*** AVAILABLE DATA ***
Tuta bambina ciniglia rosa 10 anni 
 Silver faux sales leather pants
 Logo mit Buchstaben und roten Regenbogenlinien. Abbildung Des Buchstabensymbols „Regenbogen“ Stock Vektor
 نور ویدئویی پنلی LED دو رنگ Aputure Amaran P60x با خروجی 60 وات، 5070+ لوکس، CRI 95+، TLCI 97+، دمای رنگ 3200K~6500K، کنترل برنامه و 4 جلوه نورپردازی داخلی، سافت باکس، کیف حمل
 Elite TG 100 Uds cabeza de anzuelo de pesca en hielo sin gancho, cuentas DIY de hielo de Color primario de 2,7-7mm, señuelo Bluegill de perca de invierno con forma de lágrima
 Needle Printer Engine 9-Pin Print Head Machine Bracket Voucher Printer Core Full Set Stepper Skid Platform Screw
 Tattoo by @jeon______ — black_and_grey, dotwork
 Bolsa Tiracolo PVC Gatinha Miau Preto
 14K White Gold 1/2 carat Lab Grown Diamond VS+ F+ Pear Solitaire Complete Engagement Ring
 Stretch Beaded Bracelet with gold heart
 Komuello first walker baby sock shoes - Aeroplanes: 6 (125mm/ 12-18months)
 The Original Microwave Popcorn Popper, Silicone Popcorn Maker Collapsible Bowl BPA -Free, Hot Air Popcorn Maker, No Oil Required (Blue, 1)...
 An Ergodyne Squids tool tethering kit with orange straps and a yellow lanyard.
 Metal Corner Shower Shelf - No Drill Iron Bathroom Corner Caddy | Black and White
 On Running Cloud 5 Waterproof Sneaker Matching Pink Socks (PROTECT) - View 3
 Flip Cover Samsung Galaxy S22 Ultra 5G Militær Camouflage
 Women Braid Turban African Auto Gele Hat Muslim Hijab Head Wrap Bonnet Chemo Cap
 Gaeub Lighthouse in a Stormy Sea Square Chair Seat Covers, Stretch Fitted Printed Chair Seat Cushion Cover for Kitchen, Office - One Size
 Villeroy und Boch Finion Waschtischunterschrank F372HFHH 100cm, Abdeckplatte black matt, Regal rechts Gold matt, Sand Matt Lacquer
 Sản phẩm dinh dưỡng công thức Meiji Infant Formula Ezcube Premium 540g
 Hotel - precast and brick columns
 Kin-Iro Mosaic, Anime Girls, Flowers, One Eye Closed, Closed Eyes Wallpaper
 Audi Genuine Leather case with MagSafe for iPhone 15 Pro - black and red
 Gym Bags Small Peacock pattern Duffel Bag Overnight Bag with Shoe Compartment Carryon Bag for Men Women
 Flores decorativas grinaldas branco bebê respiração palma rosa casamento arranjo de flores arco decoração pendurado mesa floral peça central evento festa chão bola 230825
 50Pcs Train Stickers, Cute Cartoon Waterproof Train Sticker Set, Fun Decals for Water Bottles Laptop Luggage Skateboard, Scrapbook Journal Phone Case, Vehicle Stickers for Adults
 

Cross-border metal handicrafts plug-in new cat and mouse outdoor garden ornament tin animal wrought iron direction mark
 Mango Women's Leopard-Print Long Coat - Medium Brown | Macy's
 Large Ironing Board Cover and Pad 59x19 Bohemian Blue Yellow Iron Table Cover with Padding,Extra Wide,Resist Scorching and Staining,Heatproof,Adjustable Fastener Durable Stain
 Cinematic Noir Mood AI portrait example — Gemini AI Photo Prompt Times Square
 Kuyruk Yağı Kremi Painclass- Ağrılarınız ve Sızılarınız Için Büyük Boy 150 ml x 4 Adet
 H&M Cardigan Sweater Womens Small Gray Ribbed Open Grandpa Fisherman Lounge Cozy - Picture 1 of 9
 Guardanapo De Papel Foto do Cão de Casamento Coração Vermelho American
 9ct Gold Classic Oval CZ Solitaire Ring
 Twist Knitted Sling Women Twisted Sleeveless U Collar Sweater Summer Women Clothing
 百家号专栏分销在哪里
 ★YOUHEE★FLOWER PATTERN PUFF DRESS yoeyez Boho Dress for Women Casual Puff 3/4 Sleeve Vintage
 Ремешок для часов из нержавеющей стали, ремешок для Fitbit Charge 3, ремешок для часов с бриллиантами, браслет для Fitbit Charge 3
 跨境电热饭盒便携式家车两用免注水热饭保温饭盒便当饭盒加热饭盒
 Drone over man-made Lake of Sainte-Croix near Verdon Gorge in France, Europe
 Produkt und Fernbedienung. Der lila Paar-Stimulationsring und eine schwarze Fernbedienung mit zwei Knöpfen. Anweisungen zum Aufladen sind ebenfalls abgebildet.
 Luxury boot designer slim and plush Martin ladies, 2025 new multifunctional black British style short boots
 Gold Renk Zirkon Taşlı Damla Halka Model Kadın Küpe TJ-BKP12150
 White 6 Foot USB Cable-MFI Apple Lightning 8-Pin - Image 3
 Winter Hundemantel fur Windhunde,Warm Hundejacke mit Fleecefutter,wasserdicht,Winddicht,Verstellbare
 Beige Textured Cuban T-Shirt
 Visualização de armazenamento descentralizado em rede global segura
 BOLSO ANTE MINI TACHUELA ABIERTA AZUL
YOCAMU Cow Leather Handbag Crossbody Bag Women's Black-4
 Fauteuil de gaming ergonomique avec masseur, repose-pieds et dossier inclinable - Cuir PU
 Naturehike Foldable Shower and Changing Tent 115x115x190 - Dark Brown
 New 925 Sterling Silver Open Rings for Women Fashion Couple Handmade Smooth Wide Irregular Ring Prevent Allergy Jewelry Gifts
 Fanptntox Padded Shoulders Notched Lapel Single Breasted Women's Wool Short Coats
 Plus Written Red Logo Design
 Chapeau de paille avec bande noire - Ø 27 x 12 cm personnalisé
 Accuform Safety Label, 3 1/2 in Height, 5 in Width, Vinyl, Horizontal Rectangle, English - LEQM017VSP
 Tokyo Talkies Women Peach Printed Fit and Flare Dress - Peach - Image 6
***
# YOUR OBJECTIVE
All lines that contain the word "Wide" must be copied from the records above.

# SOLUTION TO THE EXERCISE
 Large Ironing Board Cover and Pad 59x19 Bohemian Blue Yellow Iron Table Cover with Padding,Extra Wide,Resist Scorching and Staining,Heatproof,Adjustable Fastener Durable Stain
 New 925 Sterling Silver Open Rings for Women Fashion Couple Handmade Smooth Wide Irregular Ring Prevent Allergy Jewelry Gifts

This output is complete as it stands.